___ WORKING DATA ___
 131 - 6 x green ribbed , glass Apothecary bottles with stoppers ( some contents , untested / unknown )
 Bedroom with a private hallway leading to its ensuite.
___
___ WORKING DATA ___
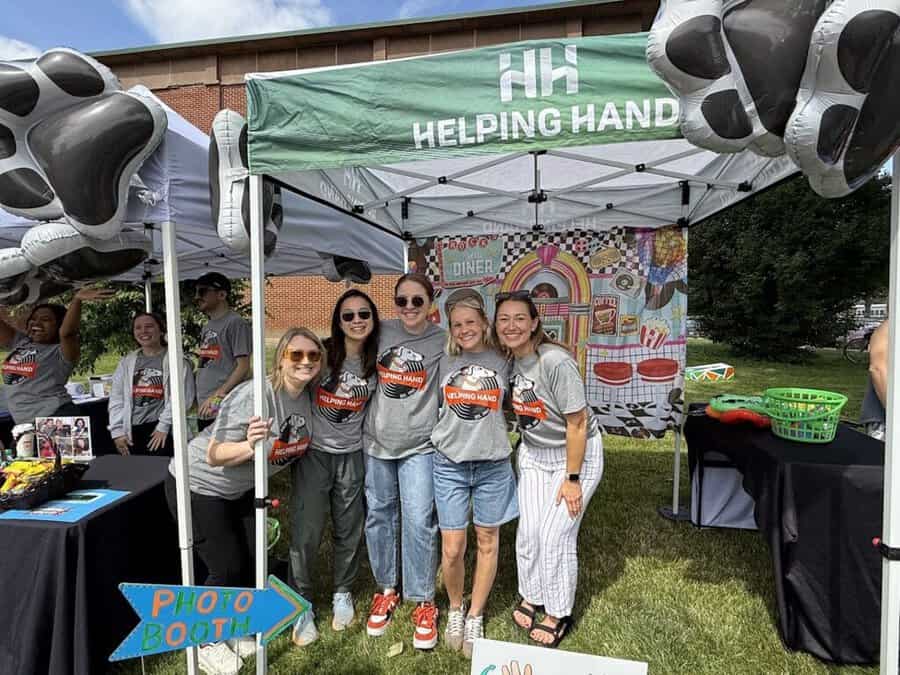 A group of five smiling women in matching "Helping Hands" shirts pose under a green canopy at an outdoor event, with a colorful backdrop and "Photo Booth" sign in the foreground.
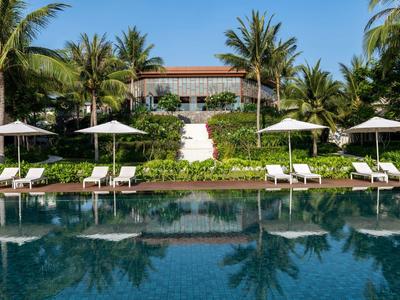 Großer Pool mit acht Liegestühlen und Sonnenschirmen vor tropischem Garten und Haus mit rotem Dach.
___
___ WORKING DATA ___
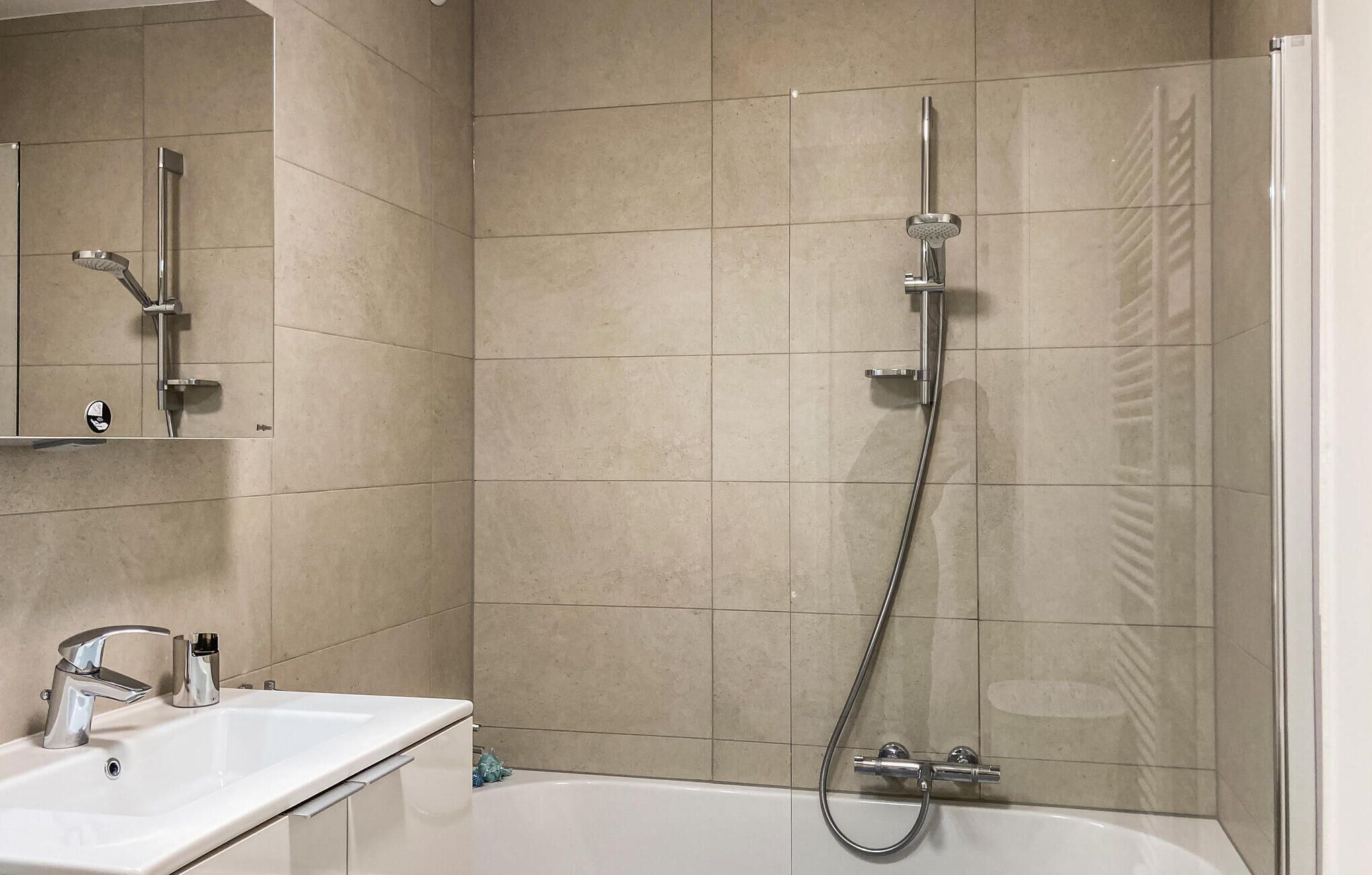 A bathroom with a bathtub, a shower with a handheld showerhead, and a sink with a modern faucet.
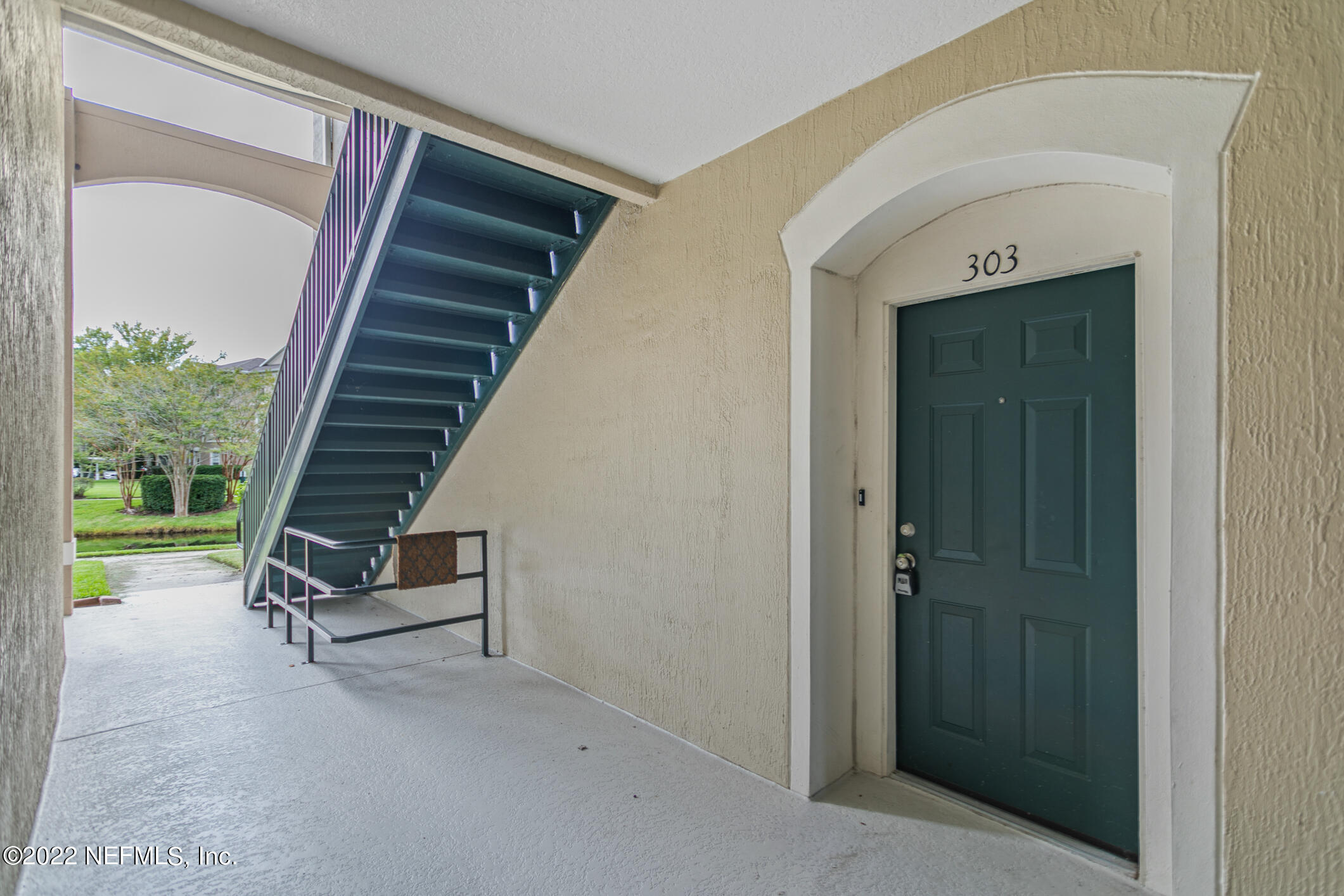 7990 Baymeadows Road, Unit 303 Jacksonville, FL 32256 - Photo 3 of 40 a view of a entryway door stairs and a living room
___
- **PROBLEM DESCRIPTION**: Of all the entries above, output exactly the lines between the one holding "131 - 6 x green" and the one holding "Bedroom with a", inclusive.

- **SOLUTION**:
 131 - 6 x green ribbed , glass Apothecary bottles with stoppers ( some contents , untested / unknown )
 Bedroom with a private hallway leading to its ensuite.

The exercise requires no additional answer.